The Software Choice Policy Tracker link is broken, as are about half
of the links on the front page of the site. One that isn't broken
brings up a .pdf version of a letter addressed to Mitt Romney,
Governor of Massachusetts. It begins:
The Initiative for Software Choice (ISC, www.softwarechoice.org) --
a global coalition with over 260 software companies and
associations -- is writing to express our concern that the open
source software mandate recently announced by Secretary of
Administration and Finance, Eric Kriss would incalculably harm
Massachusetts public administration, its citizens, and its
information technology (IT) industry and workers because it will
eviscerate software choice presently available to the Commonwealth
of Massachusetts. As a result, the ISC -- which is managed by the
Computing Technology Industry Association (CompTIA, which
represents 13,350 member companies including over 175 IT companies
in Massachusetts) -- requests a meeting with your [sic] or your
designee at your earliest convenience so that we may learn more
about this policy and provide our input.
The ISC strongly supports the development and adoption of all kinds
of software: be it open source software (OSS), hybrid or
proprietary. For this reason, we believe that mandatory government
regulations, which give preference to certain kinds of software,
weaken the overall software marketplace, biasing the choice of
viable software options available to public authorities. Only when
all software options are available can the specific needs of each
IT project be met, driven by a flexible range of factors such as
cost, reliability, security, functionality and availability. The
ISC is aware of no barriers to unfettered software choice in
Massachusetts. In fact, at this present time, the Commonwealth of
Massachusetts can rightfully choose any type of software/platform
it wants for its IT needs. As such, no legal obstacles stop its
public administrators from going into the market and getting the
best solution for a given challenge.
The ISC is laying out a bit of a red herring here. That's because in
many states technology often, by law or standard practice, is
obtainable officially only through a procurement process that respects
vendors as the only legitimate technology sources. In other words, you
can only buy software and then only from vendors. As Tom Adelstein
explained in his Linux Access in State and Local Government series:
http://www.linuxjournal.com/article.php?sid=6990 on the Linux Journal
site, work needs to be done at several different levels to open
government to open-source procurement, whether the goods have any
costs or come from vendors. A list of virtues involved in this process
is provided by Bruce Perens through his Sincere Choice:
http://www.sincerechoice.org effort, created in response to the
Software Choice initiative.
What gets lost here, on both sides of the argument, is that the terms
proprietary and open source are neither opposite nor mutually
exclusive. Take MySQL:
http://www.mysql.com/ for example. The company fact sheet makes the
matter plain:
MySQL's company values and business strategy hinge on the open
source software philosophy that software should be free and
available to all. MySQL owns all rights to the MySQL server source
code, the MySQL trademark and the mysql.com domain worldwide.

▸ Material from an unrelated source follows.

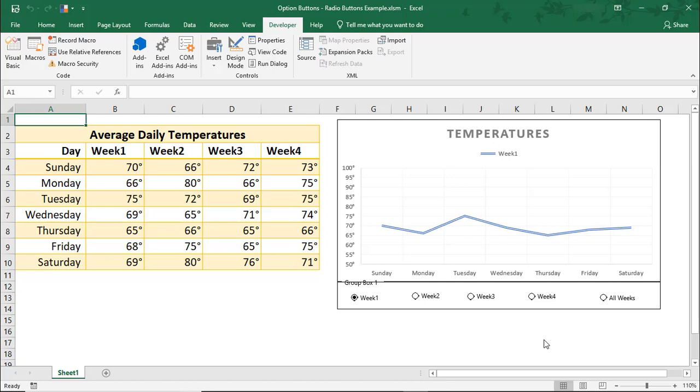Hi. In this Excel tutorial, we're going to go over how you can debug a macro in Excel. On my screen is the example we use for the tutorial on filtering a chart using radio buttons.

Through this copyright, the company protects MySQL's integrity and
reputation as a fully open source, superior database....
MySQL's business strategy leverages the MySQL name and copyright as
well as the company's deep expertise in the MySQL database
software. The company's revenues are driven by the sale of
commercial licenses, as well as strategic partnerships, consulting,
customer support and other services. Commercial Licenses: MySQL
employs a dual-licensing business model. The MySQL database is
available at no cost under the GPL free software/open source
license, and MySQL also provides commercial, non-GPL licenses to
organizations that don't want to be bound by the GPL.
With the availability of the commercial license option, leading
companies are now using the high-performance MySQL database without
the limitations of the GPL in the enterprise, as well as embedding
MySQL with major software, hardware and other electronic devices.
MySQL's dual-licensing structure supports its open source user
community with a sustainable business model, and this community, in
turn, is the engine behind the company's commercial business.
In other words, it's free as in beer and speech, under the GPL; and
yet it is completely owned and therefore proprietary. This means the
company also is free to charge you for a license if you want the goods
and services that come with that license and as long as what you do
with those goods and services remains private and outside the scope of
the GPL. This covers a lot of possibilities.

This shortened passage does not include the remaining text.